Come early Friday, the crowds will again start lining up on Fourth Street for hours on end to taste Pliny the Younger, one of the most heralded beers in the world.
As they have for the past eight years, beer lovers from around the world will make the pilgrimage to Russian River Brewing Co. to savor the triple India Pale Ale, a citrus-focused hop bomb that packs a punch despite its balanced mouthfeel, with an alcohol level of 10.25 percent.
The beer — which is sold only two weeks every February — has burnished the reputation of Russian River Brewing as one of the best breweries in the United States. It has also helped make Russian River’s brewpub into the most popular tourist attraction in Santa Rosa, with almost 400,000 customers in 2017.
Indeed, the future appears bright for owners Vinnie and Natalie Cilurzo even as storm clouds gather over the nation’s craft beer sector, which has seen slowing growth, the closing of some notable breweries and layoffs.

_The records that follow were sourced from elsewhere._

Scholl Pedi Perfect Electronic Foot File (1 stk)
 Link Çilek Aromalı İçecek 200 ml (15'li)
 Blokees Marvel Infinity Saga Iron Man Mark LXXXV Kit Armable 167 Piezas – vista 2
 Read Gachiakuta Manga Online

The couple’s bullish outlook can be seen at a construction site almost 9 miles to the north of their downtown brewpub. There lies the future Russian River Brewing facility in Windsor, a more than $30 million project that will be part Disneyland, part Hofbräuhaus and an overall beer lover’s delight when it opens in the fall.

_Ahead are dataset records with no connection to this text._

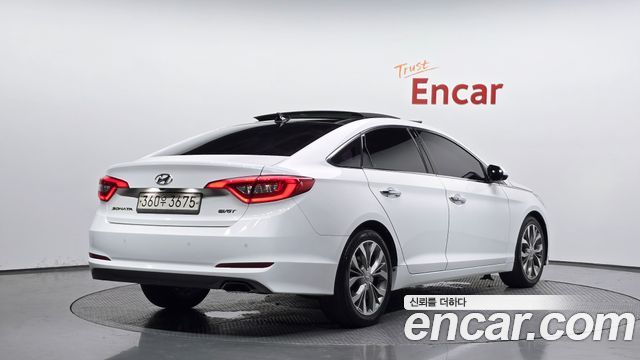 Hyundai Sonata из Кореи Encar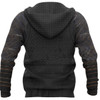 FUNSTUFFPRINT  Printed Vikings New Raven Armour 3D Baseball Jacket Hoodie and Zip Hoodie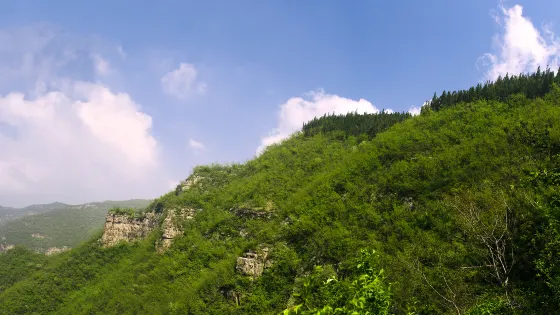 邯鄲九峯山森林公園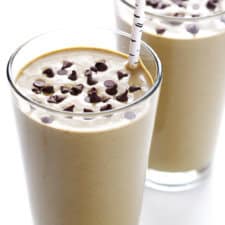 Chocolate Peanut Butter Green Smoothie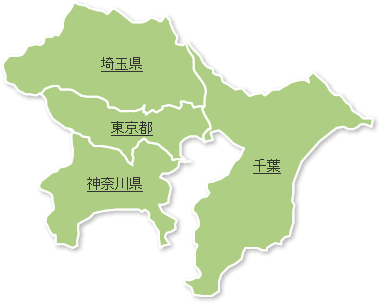 埼玉県作業エリア 造園業者の庭クイック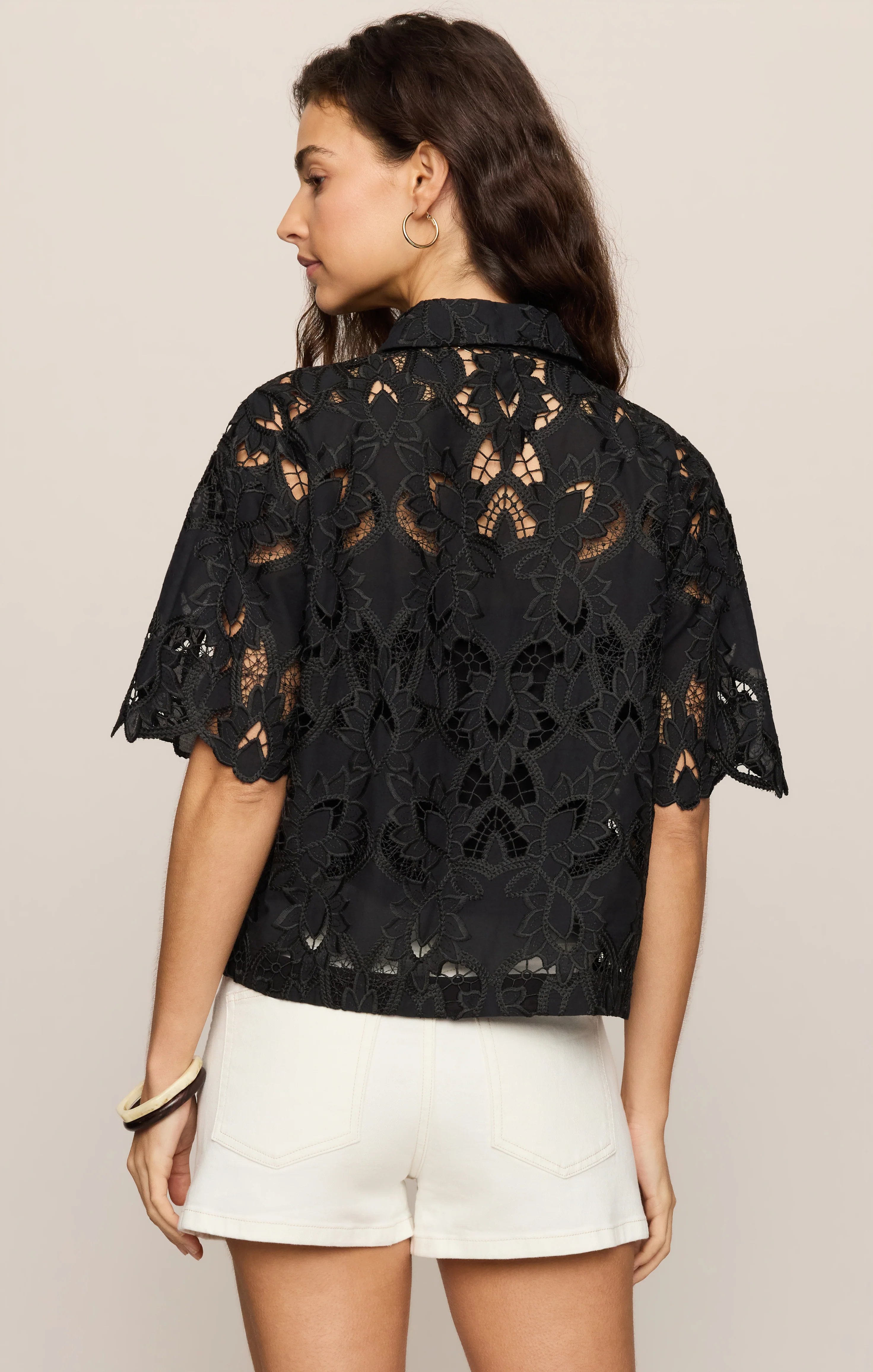 Midnight Embroidered Top - Image 18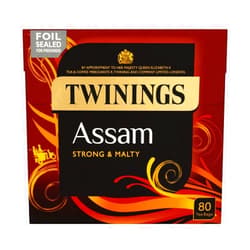Twinings Assam Strong and Malty, 80 Tea Bags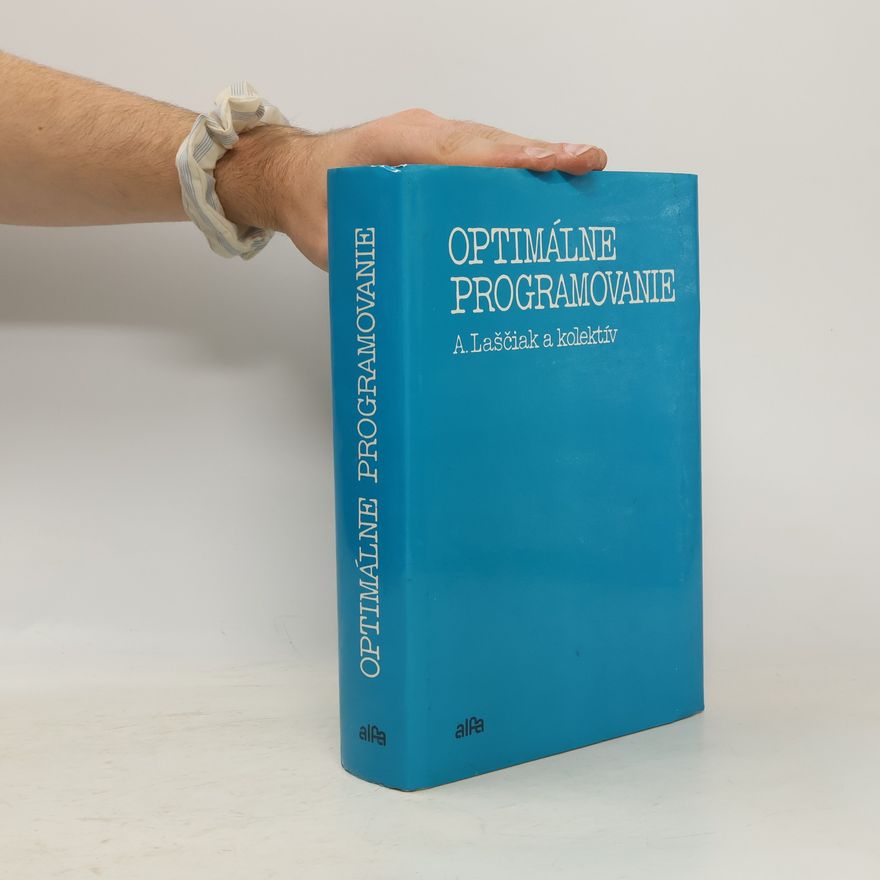 A. Laščiak Optimálne programovanie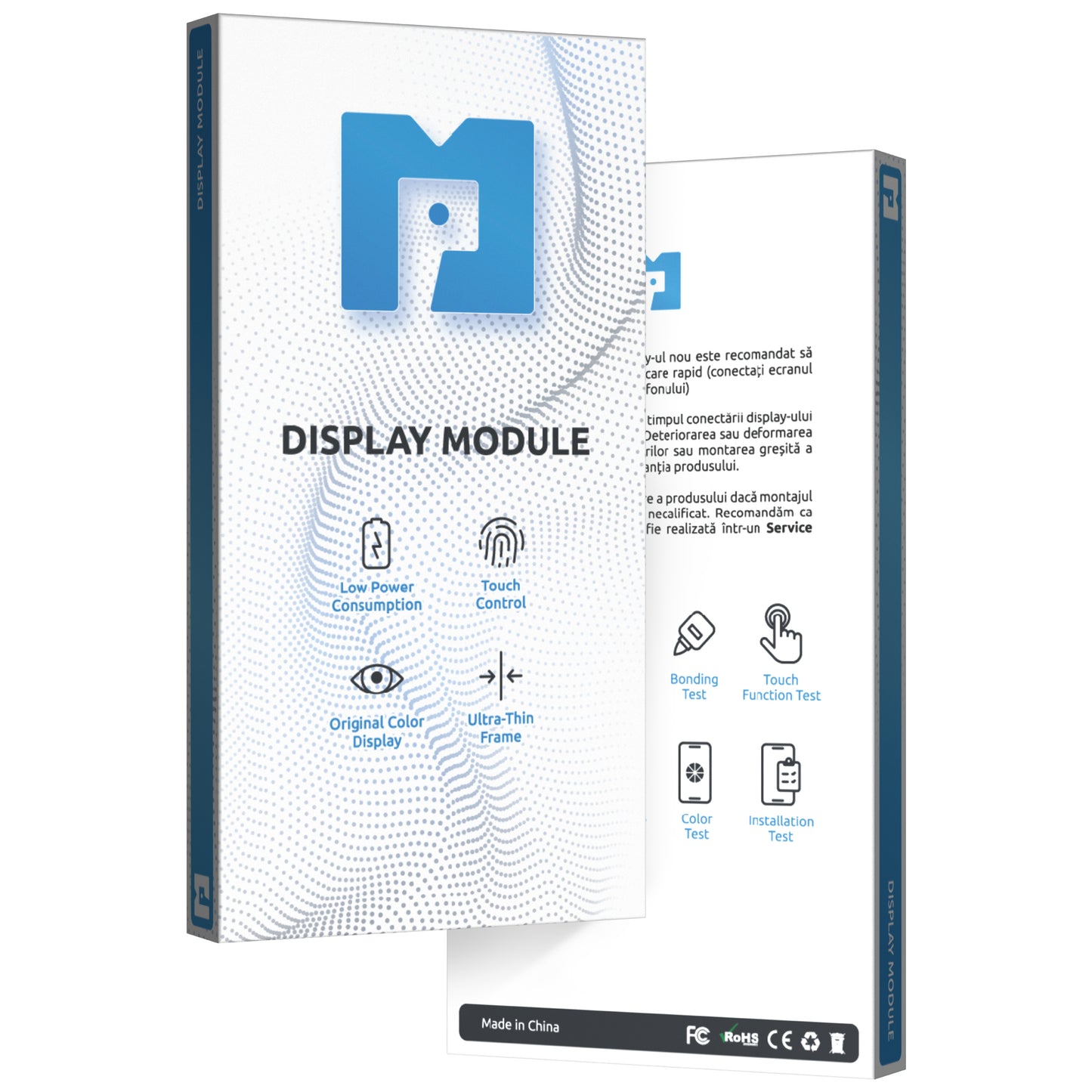 Display mit Touchscreen MP kompatibel mit Oppo A36 / A76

“It’s a legacy project,” said Vinnie Cilurzo as he and his wife walked through the site Tuesday. The facility is nearly 25 percent completed, with a major milepost coming in a few weeks when the rest of its German-manufactured brewing equipment leaves the factory headed to the Port of Stockton.
The new facility — an 85,000-square-foot building located on 10 acres — allows the Cilurzos to improve and update their customer service and brewing systems for the first time since they took over the business from Korbel Champagne Cellars in 2002, when the Guerneville winery got out of the beer business.

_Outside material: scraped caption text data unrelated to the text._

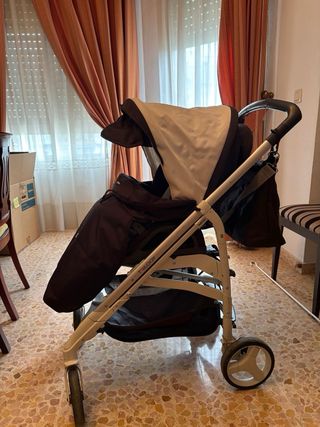 Conjunto Trilogy Inglesina: Silla, Capazo y Cuco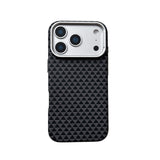 Kevlar Matte Magnetic Shockproof Case for iPhone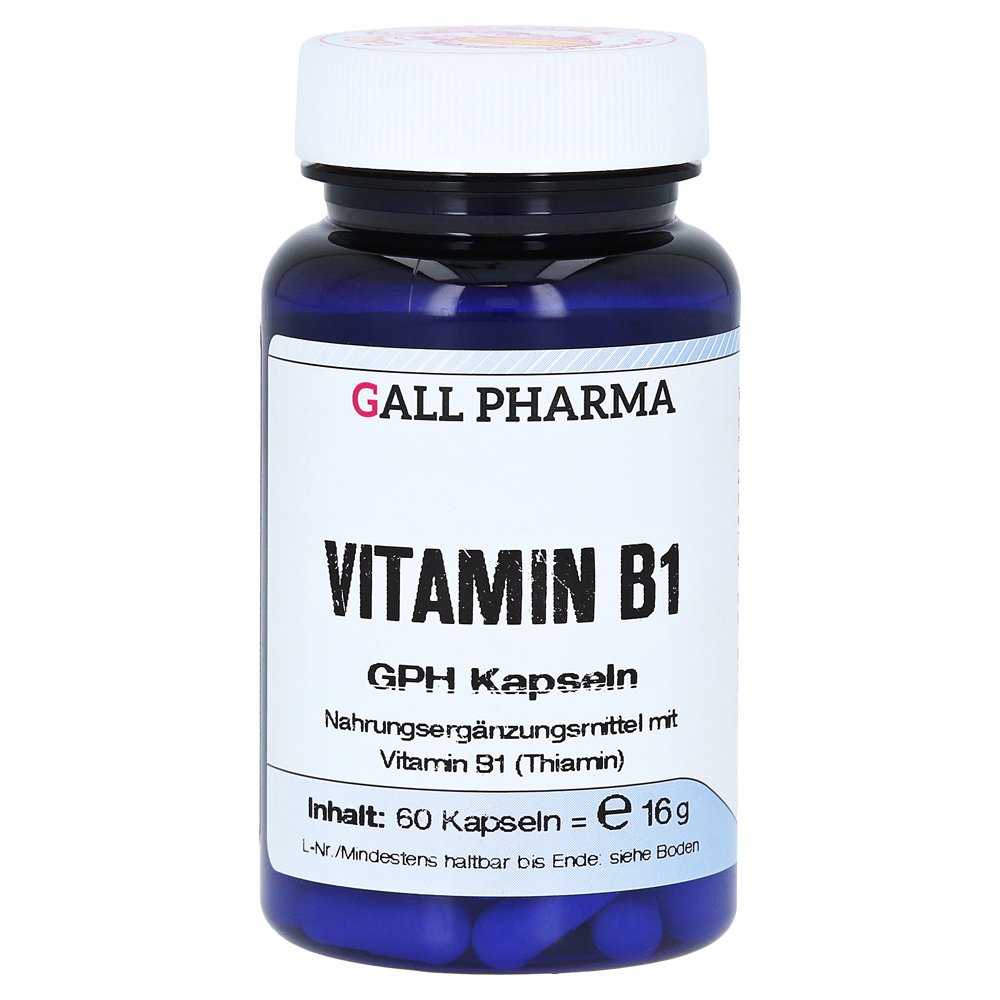 VITAMIN B1 GPH 1,4 mg Kapseln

They opened the brewpub in 2004 and it hasn’t expanded beyond its 135-customer capacity since some outdoor seating was added, leading to long lines at peak times during the weekends as well as short waits to enter its gift shop to pick up T-shirts or beer to go. Once inside, walking through the main barroom can have the feel of a crowded BART train.
Its main production facility, located just south of downtown, has a maximum capacity of 20,000 barrels annually and doesn’t have room to conduct tours for the disappointed fans who call requesting such visits.
The couple, both Generation Xers in their late 40s, were looking for a place to own the land and dream up a brewery that would serve the beers they have always wanted to make. They want to provide a customer experience that could rival and even surpass a few breweries they admire, such as the Sierra Nevada Brewing Co. and New Belgium Brewing Co. plants near Asheville, North Carolina. There is an added bonus: longtime customers who have shied away from visiting the downtown Santa Rosa brewpub because of the crowds can now get their bar back as the tourists are likely to flock to Windsor.
The Cilurzos proudly proclaim their independence in an era of buyouts by private equity groups and foreign brewers, including the full acquisition last year of Lagunitas Brewing Co. of Petaluma by Heineken International. It compliments a campaign by the Brewers Association, which represents independent craft brewers, to put a seal on its members’ bottles to let consumers know they are not drinking a product from a major corporation.